Chez Ouattara, ils ont un vieux logiciel. Nous, nous faisons de la politique autrement
Dans les rangs de Guillaume Soro, on concède que les derniers temps n’ont pas toujours été faciles, mais on assure qu’il n’est pas question de faire de la figuration. « Chez Ouattara, ils ont un vieux logiciel. Nous, nous faisons de la politique autrement », explique l’un de ses conseillers, qui reconnaît que son chef s’inspire des méthodes d’Emmanuel Macron. Son équipe est en contact avec certains des artisans de la campagne du chef d’État français. « Les nôtres sont un peu partout sur le terrain, ils entendent la colère contre le pouvoir en place, et beaucoup nous rejoignent. » Populaire chez les jeunes mais détesté par une partie de la population, tactique mais sans parti politique, originaire du Nord musulman mais chrétien et marié à une femme du Sud-Ouest… Difficile de mesurer ce que pèse réellement l’enfant de Ferkessédougou. Face à lui, nul ne dit s’alarmer d’un danger Soro.
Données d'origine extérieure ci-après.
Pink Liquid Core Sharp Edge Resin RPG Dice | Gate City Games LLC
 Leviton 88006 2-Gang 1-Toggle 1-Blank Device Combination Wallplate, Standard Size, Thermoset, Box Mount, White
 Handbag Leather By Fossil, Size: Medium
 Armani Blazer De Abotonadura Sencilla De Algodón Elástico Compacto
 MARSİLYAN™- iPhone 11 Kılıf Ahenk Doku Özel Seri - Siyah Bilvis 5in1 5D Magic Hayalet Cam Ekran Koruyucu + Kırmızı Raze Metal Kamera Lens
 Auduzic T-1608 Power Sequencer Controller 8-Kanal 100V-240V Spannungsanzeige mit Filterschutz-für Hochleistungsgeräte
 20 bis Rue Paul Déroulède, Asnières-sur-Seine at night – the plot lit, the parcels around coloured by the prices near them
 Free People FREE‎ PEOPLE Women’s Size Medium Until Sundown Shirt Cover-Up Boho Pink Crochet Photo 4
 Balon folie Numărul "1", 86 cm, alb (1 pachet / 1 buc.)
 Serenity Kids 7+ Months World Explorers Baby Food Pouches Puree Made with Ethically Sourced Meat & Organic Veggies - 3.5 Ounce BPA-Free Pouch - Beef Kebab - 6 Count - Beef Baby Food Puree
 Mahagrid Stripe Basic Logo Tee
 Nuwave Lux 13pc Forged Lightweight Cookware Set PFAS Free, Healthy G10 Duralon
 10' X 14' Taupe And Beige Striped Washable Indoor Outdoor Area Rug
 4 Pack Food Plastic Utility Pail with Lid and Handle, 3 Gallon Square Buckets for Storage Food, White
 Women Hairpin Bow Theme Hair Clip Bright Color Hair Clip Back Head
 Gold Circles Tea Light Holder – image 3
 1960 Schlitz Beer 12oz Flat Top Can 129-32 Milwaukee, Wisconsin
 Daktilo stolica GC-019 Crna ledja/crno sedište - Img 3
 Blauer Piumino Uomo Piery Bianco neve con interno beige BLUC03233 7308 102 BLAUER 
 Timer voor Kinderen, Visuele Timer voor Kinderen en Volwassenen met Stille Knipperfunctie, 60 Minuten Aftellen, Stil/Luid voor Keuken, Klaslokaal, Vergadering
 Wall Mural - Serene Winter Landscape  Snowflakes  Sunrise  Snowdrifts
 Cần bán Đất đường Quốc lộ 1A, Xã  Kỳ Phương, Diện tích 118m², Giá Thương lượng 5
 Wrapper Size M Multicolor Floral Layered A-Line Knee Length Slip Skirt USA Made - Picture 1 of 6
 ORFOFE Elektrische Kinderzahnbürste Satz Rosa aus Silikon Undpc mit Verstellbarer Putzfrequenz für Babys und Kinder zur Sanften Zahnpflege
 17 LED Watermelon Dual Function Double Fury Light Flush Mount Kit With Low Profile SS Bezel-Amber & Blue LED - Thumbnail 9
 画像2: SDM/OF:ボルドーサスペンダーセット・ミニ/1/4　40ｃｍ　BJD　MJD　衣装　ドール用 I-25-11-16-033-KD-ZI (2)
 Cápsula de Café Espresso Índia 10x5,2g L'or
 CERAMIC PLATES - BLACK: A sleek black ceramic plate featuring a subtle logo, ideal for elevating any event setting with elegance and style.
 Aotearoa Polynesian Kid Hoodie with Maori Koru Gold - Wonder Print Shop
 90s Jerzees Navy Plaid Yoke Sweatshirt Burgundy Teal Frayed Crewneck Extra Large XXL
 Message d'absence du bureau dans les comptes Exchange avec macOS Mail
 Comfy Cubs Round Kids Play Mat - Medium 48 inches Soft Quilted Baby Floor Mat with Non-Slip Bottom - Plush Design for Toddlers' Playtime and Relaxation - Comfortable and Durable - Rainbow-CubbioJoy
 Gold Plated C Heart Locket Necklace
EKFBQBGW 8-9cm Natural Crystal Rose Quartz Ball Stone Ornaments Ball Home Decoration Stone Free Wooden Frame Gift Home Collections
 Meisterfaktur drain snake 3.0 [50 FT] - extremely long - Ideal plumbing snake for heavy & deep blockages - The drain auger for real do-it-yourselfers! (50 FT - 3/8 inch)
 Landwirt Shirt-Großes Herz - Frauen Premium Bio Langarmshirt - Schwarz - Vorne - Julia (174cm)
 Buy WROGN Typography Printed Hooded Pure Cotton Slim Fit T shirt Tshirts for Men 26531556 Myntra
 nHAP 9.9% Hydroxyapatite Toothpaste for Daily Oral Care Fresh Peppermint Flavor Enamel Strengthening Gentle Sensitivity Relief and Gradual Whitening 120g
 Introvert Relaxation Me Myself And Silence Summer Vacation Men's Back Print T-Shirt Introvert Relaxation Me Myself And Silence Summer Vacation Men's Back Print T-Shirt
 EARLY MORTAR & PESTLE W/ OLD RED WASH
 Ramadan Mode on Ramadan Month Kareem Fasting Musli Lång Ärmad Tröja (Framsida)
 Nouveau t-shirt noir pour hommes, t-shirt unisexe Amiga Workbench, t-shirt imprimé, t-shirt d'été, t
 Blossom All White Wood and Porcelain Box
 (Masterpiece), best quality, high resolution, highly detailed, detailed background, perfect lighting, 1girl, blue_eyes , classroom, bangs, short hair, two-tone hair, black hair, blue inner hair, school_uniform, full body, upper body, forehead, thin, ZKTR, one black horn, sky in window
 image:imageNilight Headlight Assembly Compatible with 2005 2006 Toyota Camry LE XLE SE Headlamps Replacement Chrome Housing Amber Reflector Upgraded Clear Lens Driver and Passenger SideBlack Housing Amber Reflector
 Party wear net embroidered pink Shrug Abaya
« Depuis six mois, il est absent du pays. Sans argent, déprimé, il s’enivre à longueur de journée », assure un membre du cabinet présidentiel. « Qu’il rentre seulement, et on verra ! » Rendez-vous est pris. Guillaume Soro a prévu d’organiser prochainement la convention de son tout nouveau mouvement politique, le Groupement populaire de solidarité (GPS). Là-bas, il annoncera à nouveau sa candidature. Avec les formes cette fois. « Il sera de retour avant la fin de l’année et créera la surprise, rit un de ses lieutenants. Il tenait à faire un cadeau de Noël à Alassane Ouattara ! »
Globe-trotteur
Guillaume Soro aime entretenir le secret sur ses déplacements. Après la France, où il possède plusieurs pied-à-terre (il est notamment propriétaire d’un appartement à Neuilly-sur-Seine, en région parisienne), la Turquie et l’Espagne, il a prévu de se rendre à Londres, au Royaume-Uni et à Milan, en Italie, avant de regagner la Côte d’Ivoire. En revanche, après l’annulation de son visa diplomatique, il ne pourra se rendre aux États-Unis, comme il le souhaitait.